» **Exercise aim**:
If anything in the data looks odd, keep it anyway and write the whole listing out unchanged.

» **Provided material**:
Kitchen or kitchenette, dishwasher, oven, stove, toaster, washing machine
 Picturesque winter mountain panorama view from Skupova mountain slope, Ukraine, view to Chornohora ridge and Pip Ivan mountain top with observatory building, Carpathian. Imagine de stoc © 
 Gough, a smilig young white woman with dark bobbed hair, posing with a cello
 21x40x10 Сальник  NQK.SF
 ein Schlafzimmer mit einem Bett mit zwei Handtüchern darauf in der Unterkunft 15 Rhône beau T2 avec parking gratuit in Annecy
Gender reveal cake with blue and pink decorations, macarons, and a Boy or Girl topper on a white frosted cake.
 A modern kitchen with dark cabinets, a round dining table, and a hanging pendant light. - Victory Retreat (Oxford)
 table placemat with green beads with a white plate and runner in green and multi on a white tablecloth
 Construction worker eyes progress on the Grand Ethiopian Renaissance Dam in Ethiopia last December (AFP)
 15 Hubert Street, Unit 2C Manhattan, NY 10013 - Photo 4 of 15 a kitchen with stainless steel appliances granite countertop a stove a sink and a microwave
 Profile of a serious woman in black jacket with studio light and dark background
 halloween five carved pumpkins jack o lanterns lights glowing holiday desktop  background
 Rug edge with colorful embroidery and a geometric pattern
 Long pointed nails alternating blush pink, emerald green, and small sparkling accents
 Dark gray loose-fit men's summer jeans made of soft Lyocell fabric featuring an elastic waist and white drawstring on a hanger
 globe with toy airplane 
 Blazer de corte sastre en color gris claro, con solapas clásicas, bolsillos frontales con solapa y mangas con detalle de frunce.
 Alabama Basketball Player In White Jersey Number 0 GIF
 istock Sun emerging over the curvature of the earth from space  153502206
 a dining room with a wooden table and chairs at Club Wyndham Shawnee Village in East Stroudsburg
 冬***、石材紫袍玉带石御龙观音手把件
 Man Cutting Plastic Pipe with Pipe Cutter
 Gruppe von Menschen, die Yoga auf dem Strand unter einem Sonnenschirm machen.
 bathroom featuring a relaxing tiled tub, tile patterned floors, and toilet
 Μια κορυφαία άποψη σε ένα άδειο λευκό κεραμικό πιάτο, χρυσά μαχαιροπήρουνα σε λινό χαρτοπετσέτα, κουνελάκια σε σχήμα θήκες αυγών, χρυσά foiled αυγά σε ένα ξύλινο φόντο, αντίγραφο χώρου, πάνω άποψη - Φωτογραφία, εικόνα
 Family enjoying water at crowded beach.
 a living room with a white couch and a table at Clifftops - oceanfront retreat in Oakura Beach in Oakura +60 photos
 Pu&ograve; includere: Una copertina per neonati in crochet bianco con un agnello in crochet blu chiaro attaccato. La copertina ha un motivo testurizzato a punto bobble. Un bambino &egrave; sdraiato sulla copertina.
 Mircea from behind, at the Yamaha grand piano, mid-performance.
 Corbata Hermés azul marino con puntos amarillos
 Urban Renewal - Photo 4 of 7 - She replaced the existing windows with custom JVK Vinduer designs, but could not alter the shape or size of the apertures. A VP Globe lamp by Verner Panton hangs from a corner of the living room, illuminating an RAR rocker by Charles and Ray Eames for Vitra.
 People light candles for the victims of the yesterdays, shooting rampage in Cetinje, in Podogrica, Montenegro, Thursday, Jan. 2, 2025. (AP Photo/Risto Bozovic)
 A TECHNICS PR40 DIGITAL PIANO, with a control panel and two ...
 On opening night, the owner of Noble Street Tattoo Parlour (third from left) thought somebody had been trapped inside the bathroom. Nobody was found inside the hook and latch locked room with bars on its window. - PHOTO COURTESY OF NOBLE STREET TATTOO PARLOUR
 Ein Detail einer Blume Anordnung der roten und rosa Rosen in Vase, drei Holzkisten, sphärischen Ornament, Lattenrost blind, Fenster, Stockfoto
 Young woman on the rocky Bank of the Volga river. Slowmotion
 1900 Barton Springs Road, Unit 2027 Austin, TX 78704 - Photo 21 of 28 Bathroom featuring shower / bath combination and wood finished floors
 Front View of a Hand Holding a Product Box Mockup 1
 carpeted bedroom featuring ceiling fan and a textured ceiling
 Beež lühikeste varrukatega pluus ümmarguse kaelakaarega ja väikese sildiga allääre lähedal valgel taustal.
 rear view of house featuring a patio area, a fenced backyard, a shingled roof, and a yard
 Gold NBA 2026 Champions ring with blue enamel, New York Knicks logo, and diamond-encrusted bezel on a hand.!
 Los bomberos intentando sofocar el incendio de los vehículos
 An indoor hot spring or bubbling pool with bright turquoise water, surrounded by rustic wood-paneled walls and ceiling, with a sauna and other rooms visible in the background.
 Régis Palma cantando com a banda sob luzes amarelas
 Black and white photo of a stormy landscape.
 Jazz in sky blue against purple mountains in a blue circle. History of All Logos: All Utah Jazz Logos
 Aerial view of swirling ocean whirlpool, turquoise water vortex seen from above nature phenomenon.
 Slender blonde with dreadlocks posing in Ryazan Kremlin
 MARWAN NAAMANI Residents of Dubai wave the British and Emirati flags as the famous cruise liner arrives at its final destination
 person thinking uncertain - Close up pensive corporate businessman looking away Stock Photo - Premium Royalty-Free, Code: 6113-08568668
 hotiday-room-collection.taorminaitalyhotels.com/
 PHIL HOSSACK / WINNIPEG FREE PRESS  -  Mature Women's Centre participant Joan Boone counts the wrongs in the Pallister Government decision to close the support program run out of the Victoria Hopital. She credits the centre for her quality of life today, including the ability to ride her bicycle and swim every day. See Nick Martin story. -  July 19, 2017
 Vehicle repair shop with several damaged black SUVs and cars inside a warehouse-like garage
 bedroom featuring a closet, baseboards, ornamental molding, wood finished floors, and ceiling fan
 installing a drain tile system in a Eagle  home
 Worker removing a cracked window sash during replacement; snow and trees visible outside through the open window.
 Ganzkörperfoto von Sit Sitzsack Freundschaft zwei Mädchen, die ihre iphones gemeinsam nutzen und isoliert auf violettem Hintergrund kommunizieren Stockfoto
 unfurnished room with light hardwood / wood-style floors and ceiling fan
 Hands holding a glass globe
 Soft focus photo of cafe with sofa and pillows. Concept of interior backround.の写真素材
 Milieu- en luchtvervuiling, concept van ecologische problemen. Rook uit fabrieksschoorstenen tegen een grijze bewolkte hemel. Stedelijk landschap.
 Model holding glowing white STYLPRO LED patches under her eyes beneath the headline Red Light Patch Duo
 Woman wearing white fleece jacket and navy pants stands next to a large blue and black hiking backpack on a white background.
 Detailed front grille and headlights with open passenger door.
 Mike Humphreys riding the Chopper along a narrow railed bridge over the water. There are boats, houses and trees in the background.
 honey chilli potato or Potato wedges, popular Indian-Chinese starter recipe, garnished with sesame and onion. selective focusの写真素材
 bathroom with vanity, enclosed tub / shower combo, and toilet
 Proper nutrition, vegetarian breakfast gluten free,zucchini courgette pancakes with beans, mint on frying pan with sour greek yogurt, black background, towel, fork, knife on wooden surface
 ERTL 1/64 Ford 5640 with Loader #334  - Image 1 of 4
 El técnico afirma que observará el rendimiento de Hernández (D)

» **Response**:
Kitchen or kitchenette, dishwasher, oven, stove, toaster, washing machine
 Picturesque winter mountain panorama view from Skupova mountain slope, Ukraine, view to Chornohora ridge and Pip Ivan mountain top with observatory building, Carpathian. Imagine de stoc © 
 Gough, a smilig young white woman with dark bobbed hair, posing with a cello
 21x40x10 Сальник  NQK.SF
 ein Schlafzimmer mit einem Bett mit zwei Handtüchern darauf in der Unterkunft 15 Rhône beau T2 avec parking gratuit in Annecy
Gender reveal cake with blue and pink decorations, macarons, and a Boy or Girl topper on a white frosted cake.
 A modern kitchen with dark cabinets, a round dining table, and a hanging pendant light. - Victory Retreat (Oxford)
 table placemat with green beads with a white plate and runner in green and multi on a white tablecloth
 Construction worker eyes progress on the Grand Ethiopian Renaissance Dam in Ethiopia last December (AFP)
 15 Hubert Street, Unit 2C Manhattan, NY 10013 - Photo 4 of 15 a kitchen with stainless steel appliances granite countertop a stove a sink and a microwave
 Profile of a serious woman in black jacket with studio light and dark background
 halloween five carved pumpkins jack o lanterns lights glowing holiday desktop  background
 Rug edge with colorful embroidery and a geometric pattern
 Long pointed nails alternating blush pink, emerald green, and small sparkling accents
 Dark gray loose-fit men's summer jeans made of soft Lyocell fabric featuring an elastic waist and white drawstring on a hanger
 globe with toy airplane 
 Blazer de corte sastre en color gris claro, con solapas clásicas, bolsillos frontales con solapa y mangas con detalle de frunce.
 Alabama Basketball Player In White Jersey Number 0 GIF
 istock Sun emerging over the curvature of the earth from space  153502206
 a dining room with a wooden table and chairs at Club Wyndham Shawnee Village in East Stroudsburg
 冬***、石材紫袍玉带石御龙观音手把件
 Man Cutting Plastic Pipe with Pipe Cutter
 Gruppe von Menschen, die Yoga auf dem Strand unter einem Sonnenschirm machen.
 bathroom featuring a relaxing tiled tub, tile patterned floors, and toilet
 Μια κορυφαία άποψη σε ένα άδειο λευκό κεραμικό πιάτο, χρυσά μαχαιροπήρουνα σε λινό χαρτοπετσέτα, κουνελάκια σε σχήμα θήκες αυγών, χρυσά foiled αυγά σε ένα ξύλινο φόντο, αντίγραφο χώρου, πάνω άποψη - Φωτογραφία, εικόνα
 Family enjoying water at crowded beach.
 a living room with a white couch and a table at Clifftops - oceanfront retreat in Oakura Beach in Oakura +60 photos
 Pu&ograve; includere: Una copertina per neonati in crochet bianco con un agnello in crochet blu chiaro attaccato. La copertina ha un motivo testurizzato a punto bobble. Un bambino &egrave; sdraiato sulla copertina.
 Mircea from behind, at the Yamaha grand piano, mid-performance.
 Corbata Hermés azul marino con puntos amarillos
 Urban Renewal - Photo 4 of 7 - She replaced the existing windows with custom JVK Vinduer designs, but could not alter the shape or size of the apertures. A VP Globe lamp by Verner Panton hangs from a corner of the living room, illuminating an RAR rocker by Charles and Ray Eames for Vitra.
 People light candles for the victims of the yesterdays, shooting rampage in Cetinje, in Podogrica, Montenegro, Thursday, Jan. 2, 2025. (AP Photo/Risto Bozovic)
 A TECHNICS PR40 DIGITAL PIANO, with a control panel and two ...
 On opening night, the owner of Noble Street Tattoo Parlour (third from left) thought somebody had been trapped inside the bathroom. Nobody was found inside the hook and latch locked room with bars on its window. - PHOTO COURTESY OF NOBLE STREET TATTOO PARLOUR
 Ein Detail einer Blume Anordnung der roten und rosa Rosen in Vase, drei Holzkisten, sphärischen Ornament, Lattenrost blind, Fenster, Stockfoto
 Young woman on the rocky Bank of the Volga river. Slowmotion
 1900 Barton Springs Road, Unit 2027 Austin, TX 78704 - Photo 21 of 28 Bathroom featuring shower / bath combination and wood finished floors
 Front View of a Hand Holding a Product Box Mockup 1
 carpeted bedroom featuring ceiling fan and a textured ceiling
 Beež lühikeste varrukatega pluus ümmarguse kaelakaarega ja väikese sildiga allääre lähedal valgel taustal.
 rear view of house featuring a patio area, a fenced backyard, a shingled roof, and a yard
 Gold NBA 2026 Champions ring with blue enamel, New York Knicks logo, and diamond-encrusted bezel on a hand.!
 Los bomberos intentando sofocar el incendio de los vehículos
 An indoor hot spring or bubbling pool with bright turquoise water, surrounded by rustic wood-paneled walls and ceiling, with a sauna and other rooms visible in the background.
 Régis Palma cantando com a banda sob luzes amarelas
 Black and white photo of a stormy landscape.
 Jazz in sky blue against purple mountains in a blue circle. History of All Logos: All Utah Jazz Logos
 Aerial view of swirling ocean whirlpool, turquoise water vortex seen from above nature phenomenon.
 Slender blonde with dreadlocks posing in Ryazan Kremlin
 MARWAN NAAMANI Residents of Dubai wave the British and Emirati flags as the famous cruise liner arrives at its final destination
 person thinking uncertain - Close up pensive corporate businessman looking away Stock Photo - Premium Royalty-Free, Code: 6113-08568668
 hotiday-room-collection.taorminaitalyhotels.com/
 PHIL HOSSACK / WINNIPEG FREE PRESS  -  Mature Women's Centre participant Joan Boone counts the wrongs in the Pallister Government decision to close the support program run out of the Victoria Hopital. She credits the centre for her quality of life today, including the ability to ride her bicycle and swim every day. See Nick Martin story. -  July 19, 2017
 Vehicle repair shop with several damaged black SUVs and cars inside a warehouse-like garage
 bedroom featuring a closet, baseboards, ornamental molding, wood finished floors, and ceiling fan
 installing a drain tile system in a Eagle  home
 Worker removing a cracked window sash during replacement; snow and trees visible outside through the open window.
 Ganzkörperfoto von Sit Sitzsack Freundschaft zwei Mädchen, die ihre iphones gemeinsam nutzen und isoliert auf violettem Hintergrund kommunizieren Stockfoto
 unfurnished room with light hardwood / wood-style floors and ceiling fan
 Hands holding a glass globe
 Soft focus photo of cafe with sofa and pillows. Concept of interior backround.の写真素材
 Milieu- en luchtvervuiling, concept van ecologische problemen. Rook uit fabrieksschoorstenen tegen een grijze bewolkte hemel. Stedelijk landschap.
 Model holding glowing white STYLPRO LED patches under her eyes beneath the headline Red Light Patch Duo
 Woman wearing white fleece jacket and navy pants stands next to a large blue and black hiking backpack on a white background.
 Detailed front grille and headlights with open passenger door.
 Mike Humphreys riding the Chopper along a narrow railed bridge over the water. There are boats, houses and trees in the background.
 honey chilli potato or Potato wedges, popular Indian-Chinese starter recipe, garnished with sesame and onion. selective focusの写真素材
 bathroom with vanity, enclosed tub / shower combo, and toilet
 Proper nutrition, vegetarian breakfast gluten free,zucchini courgette pancakes with beans, mint on frying pan with sour greek yogurt, black background, towel, fork, knife on wooden surface
 ERTL 1/64 Ford 5640 with Loader #334  - Image 1 of 4
 El técnico afirma que observará el rendimiento de Hernández (D)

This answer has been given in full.